I am not a ‘camera person’, nor do I pose as being a professional photographer. My experience with photography began four decades ago when I had an inexpensive Kodak ‘beginners’ camera. Like many people, I’m amazed at the changes photography has undergone since I first opened a shutter. And I never imagined I’d be taking good photos with a telephone.

I still have a ‘real’ camera, a Kodak EasyShare 1285, but for most of the pictures on A Taste For The Woods I use the camera in my Samsung Galaxy 3. I switched not just because of portability and ease of use, but because the Samsung takes darn good photos in the outdoors. While I concede a dedicated camera is overall a better photo taking machine, cell phone cameras get better and better. The website Ars Technica recently had a “shootout” between a DSLR and the camera in the IPhone 6, and the results were surprising.┬áThe IPhone held its own with outdoor photography. So now the everyday outdoorsperson can have a wonderful camera that fits in his pocket and doesn’t break his wallet.

That said, the camera doesn’t make the photographer. I’ve seen less than inspiring photos from people with good equipment, and despite having to work with glass plates Civil War photographer Matthew Brady is still an artist. The camera is just a tool, and like all tools success depends on the skill of the user.

In this post, the first of a series of three by different authors, we provide some basic advice for better photos for people using point and shoot or cell phone cameras. This won’t be tech or jargon heavy for the most part, although the other writers indulge in some. The most important lessons, however, are that you play:

1. Play. Digital means you have lots of chances to take photos. Use them. I’ve taken as many as 30 photos at a given spot, altering my position slightly or the focus to get a better image. I can always discard what doesn’t work.

2. Play with the Rule of Thirds. The Rule of Thirds is a law of composition, and not just for photography. Wikipedia has a good explanation and history of the rule, and the gif below we ‘borrowed’ shows what it looks like. Too many people put the horizon flat in the middle of the photo in an attempt to make it look ‘even’ and wind up with a flat image. The eye is drawn to contrast and unequality, and judicious use of the Rule of Thirds will make your photos look more inviting.

Shameless pinched from Wikipedia.

2. Play with time of day. Late morning and midday is the most popular time for outdoor activities, but its not the best time for photography. Bright sunlight bleaches color and contrast from photos. Overcast conditions, or early morning or late afternoon, will give you better lighting.
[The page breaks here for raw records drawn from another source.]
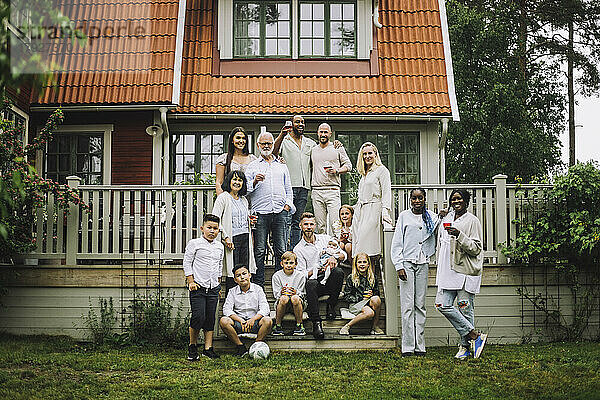 Mehrgenerationenfamilie mit Weinglas posiert auf der Veranda vor dem Haus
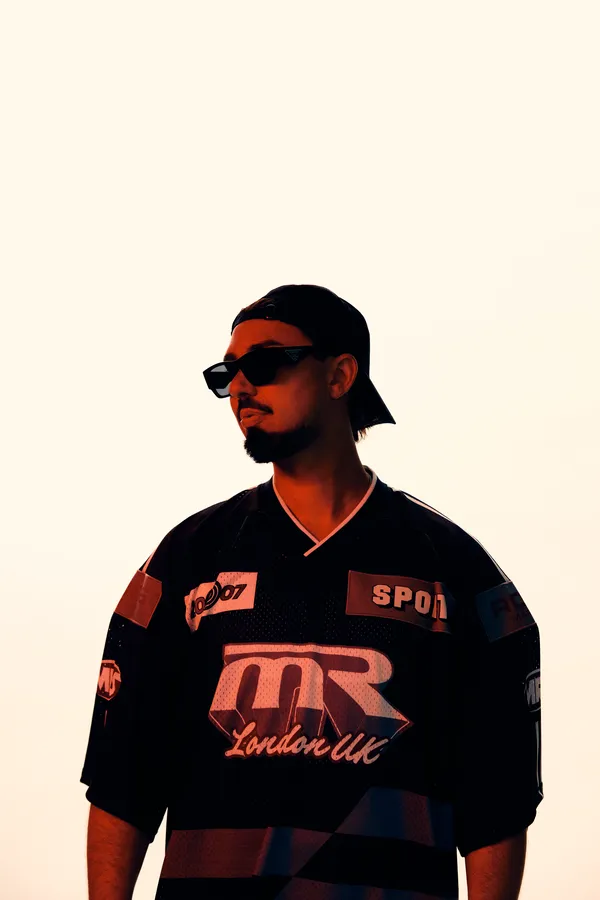 Sonny Fodera in sunglasses and a black jersey, lit by low sun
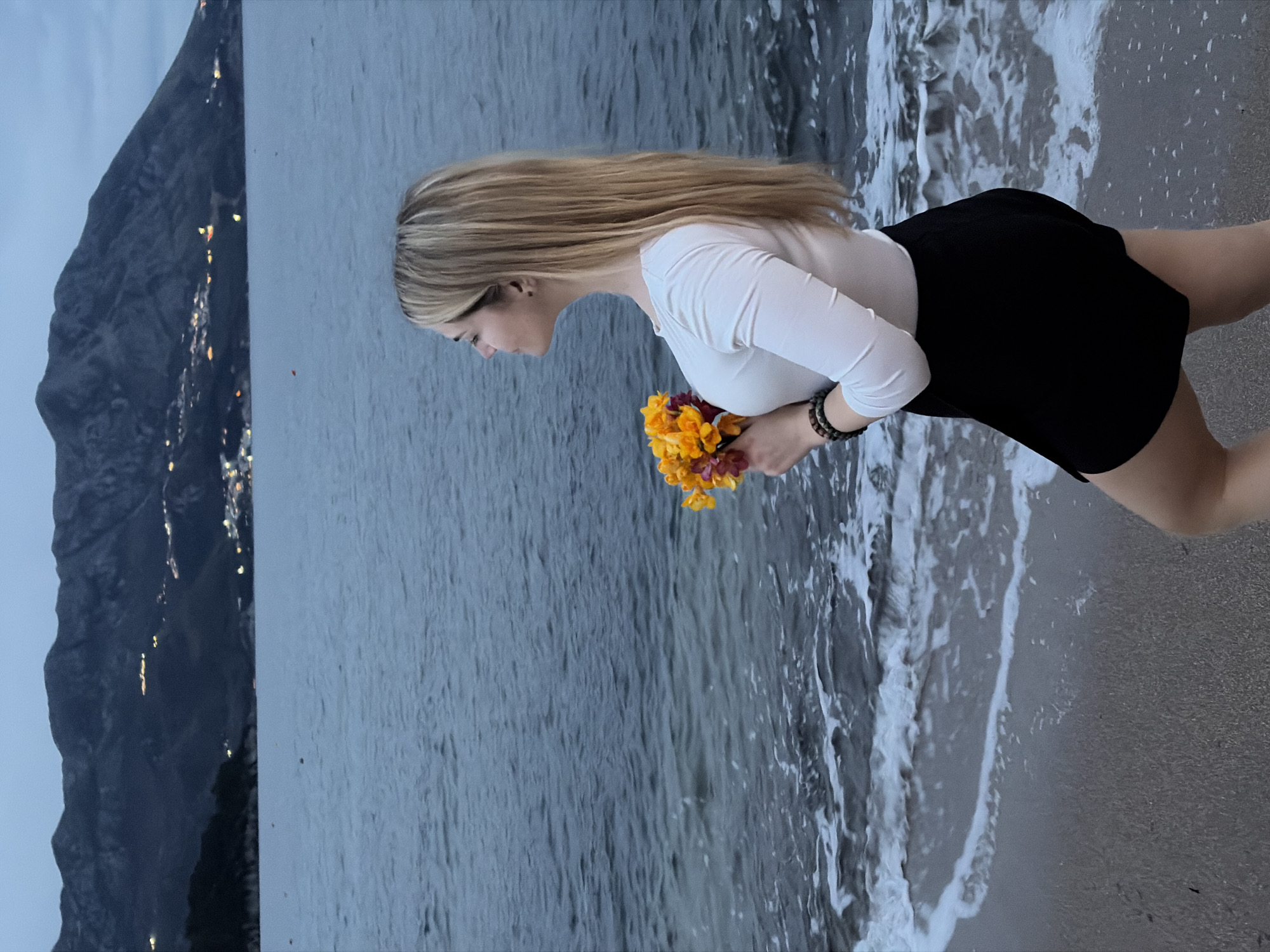 A young woman with blonde hair stands on a sandy beach, holding a bouquet of yellow and maroon flowers. She wears a white long-sleeved shirt and a black skirt. The sea's waves are washing onto the shore beside her. In the background, a dark, mountainous landscape is visible with scattered lights, indicating a city or town nestled against the mountain. The sky is overcast, suggesting either dawn or dusk. This is likely the Budva Riviera area.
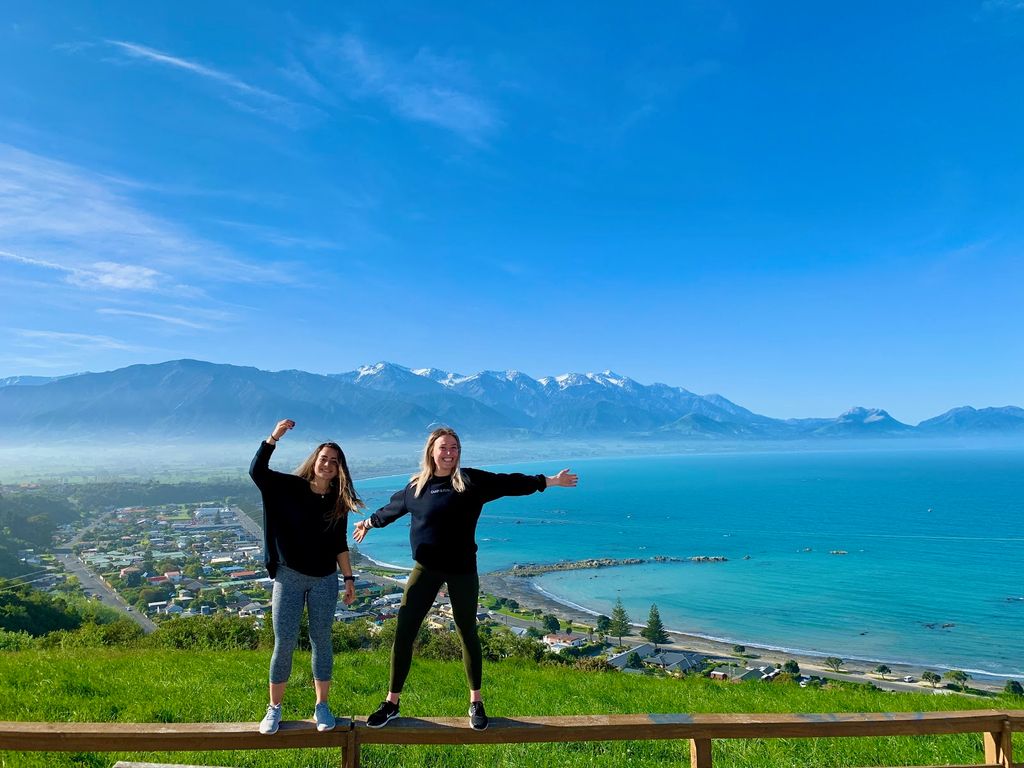 Photo of Lexi Ewanich (Questrom’20) with a friend, standing on top of a rail, with a blue sky, ocean and mountains in the background.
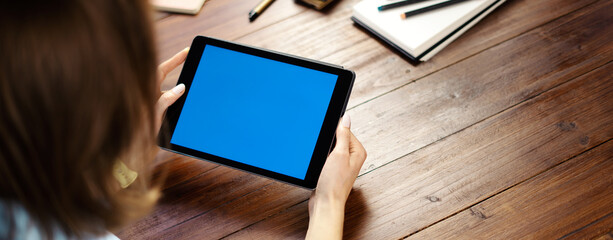 Mockup image of a woman using digital tablet with blank screen on wooden table. Close up photo of...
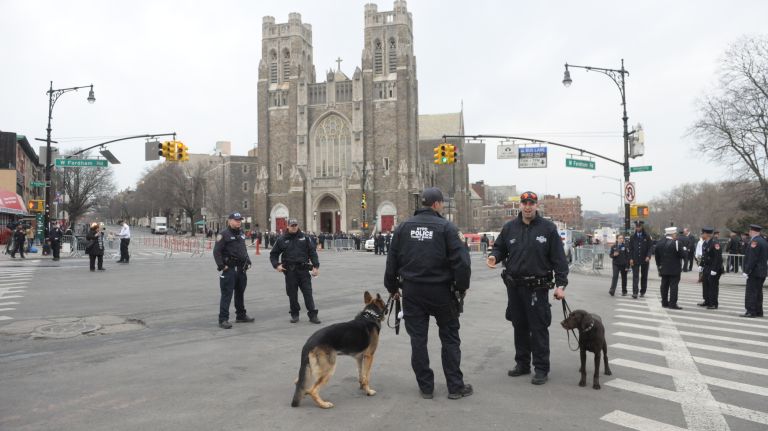 Security is set up Saturday, March 25, 2017, outside St. Nicholas of Tolentine Roman Catholic Church on University Avenue in the Bronx for the funeral of FDNY EMT Yadira Arroyo.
In the novel The Bridges of Madison County the protagonist, a photographer, uses the phrase “God light” to describe the warm glow light has an hour or two before sunset. The photo below was taken two hours before sunset. Note the time of day also added shadows, which adds contrast to the image. Note also the use of the Rule of Thirds.

Marilla, June 2014, Samsung Galaxy 3, taken two hours before sunset.
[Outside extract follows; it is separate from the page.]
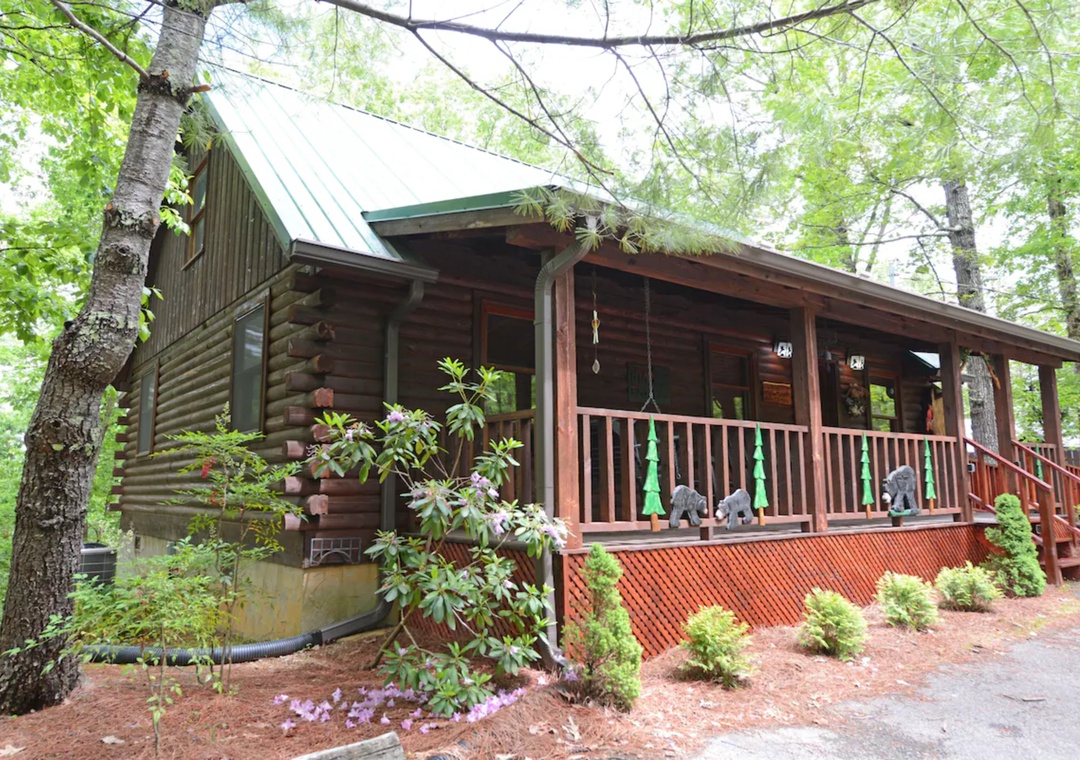 Rustic log cabin nestled among towering trees offers your perfect woodland retreat with charming covered porch and peaceful natural surroundings.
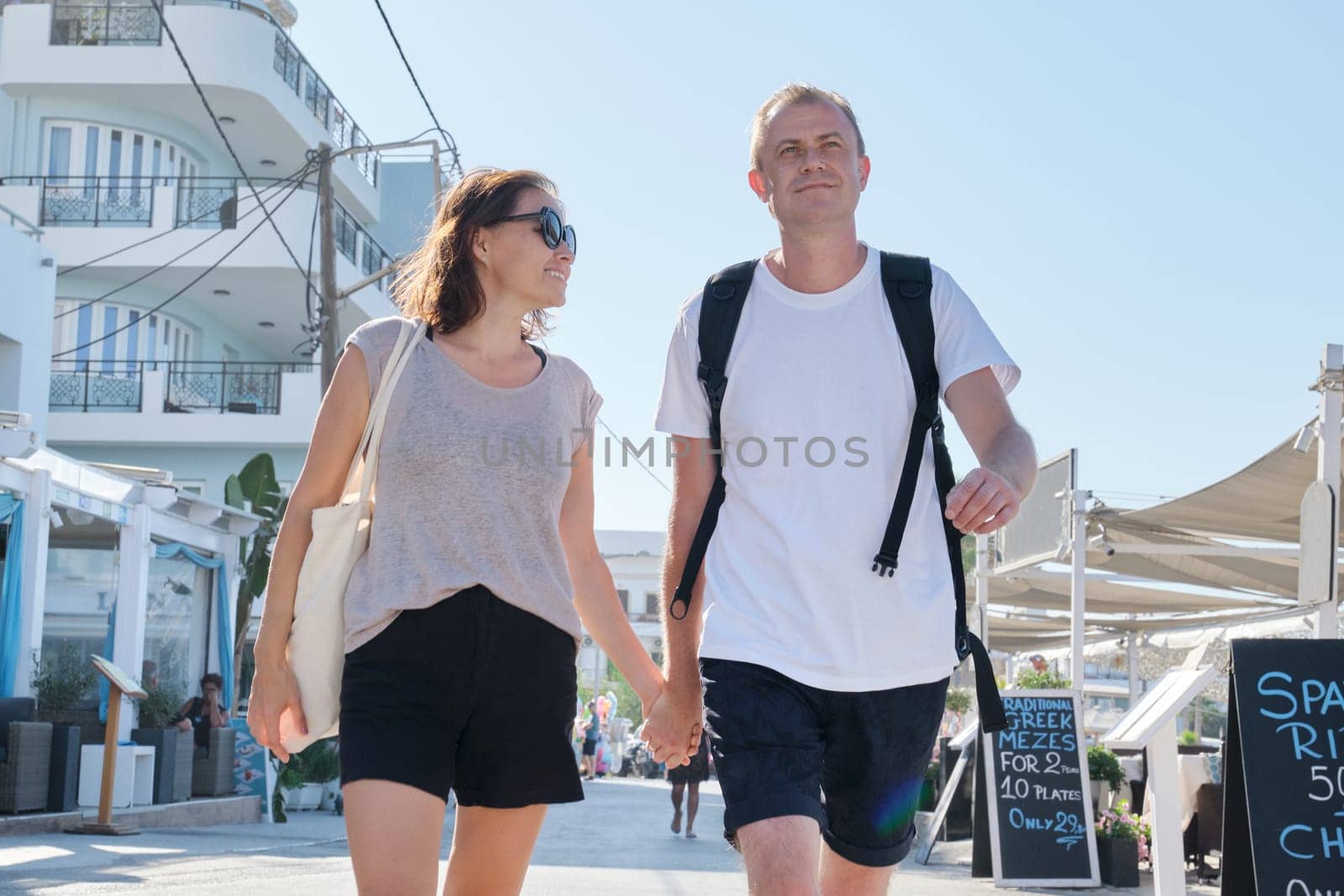 Mature happy couple walking around resort town holding hands. Communication, lifestyle, travel, outdoor activities for middle-aged people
3. Play the angles. In the covered bridge photo above, I could have shot it from a flatter perspective. Instead the angled image draws your eye into the photo. While for some subjects its easier to do than others – ever try to photograph a mountain from an angle? – its worth playing with. And again, take lots of photos from different positions to find out what works for you.
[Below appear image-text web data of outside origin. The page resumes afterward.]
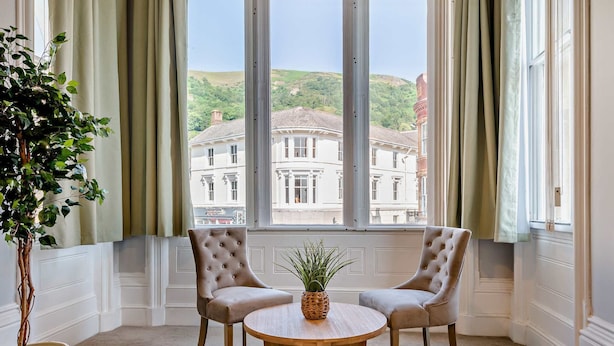 A room with a large window, two upholstered chairs, a round wooden table, and a potted plant. - Host Stay Flat 1 Club Chambers (Malvern)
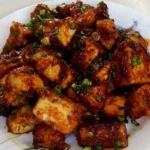 Fried Tofu in dark brown soy and scallion sauce, made in a pan with this easy recipe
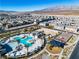 This aerial photo highlights the community pool, playground, and well-maintained landscaping at 6952 Crescent Gold St, North Las Vegas, NV 89086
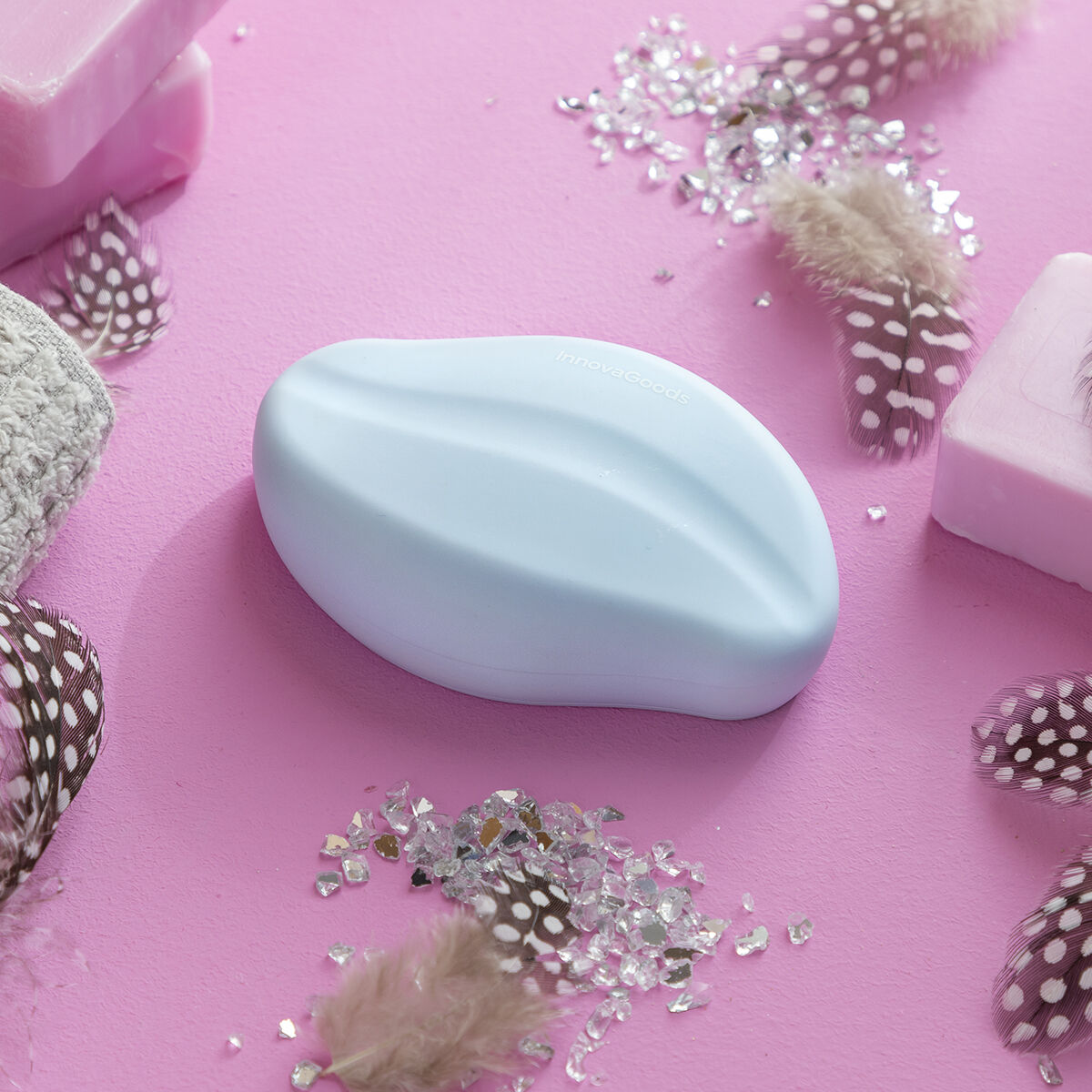 Un sapone blu ovale su sfondo rosa, circondato da piume, saponi e cristalli lucenti.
4. Play with the subject. Freud is alleged to have said that sometimes a cigar is a cigar, and sometimes it isn’t. Sometimes what you are photographing isn’t what you went in to photograph. For example, my visit to the snow goose migration at Middle Creek in March. From my first minutes standing in the cold at Willow Point watching people draw out massive cameras and lenses I knew I’d not be able to get the sort of detailed photos they could. Even with a tripod I’d need to use the telephoto settings and would add a lot of fuzziness to the image. So on the fly, pun intended, I had to change my focus. So while others photographed the birds, I photographed the photographers photographing the birds. Instead of documenting the snow goose, I captured man’s interaction with the snow goose. I worked within the limits of my camera rather than making it do something it doesn’t do well.

Middle Creek, March 2014. Samsung Galaxy 3.

I hope this post, and the others in this series, encourages you to get outside and take exciting photos. The world is a wonderful place, and your point and shoot and cell phone cameras are capable of so much more than self-conscious selfies or stiff group shots in front of a landmark.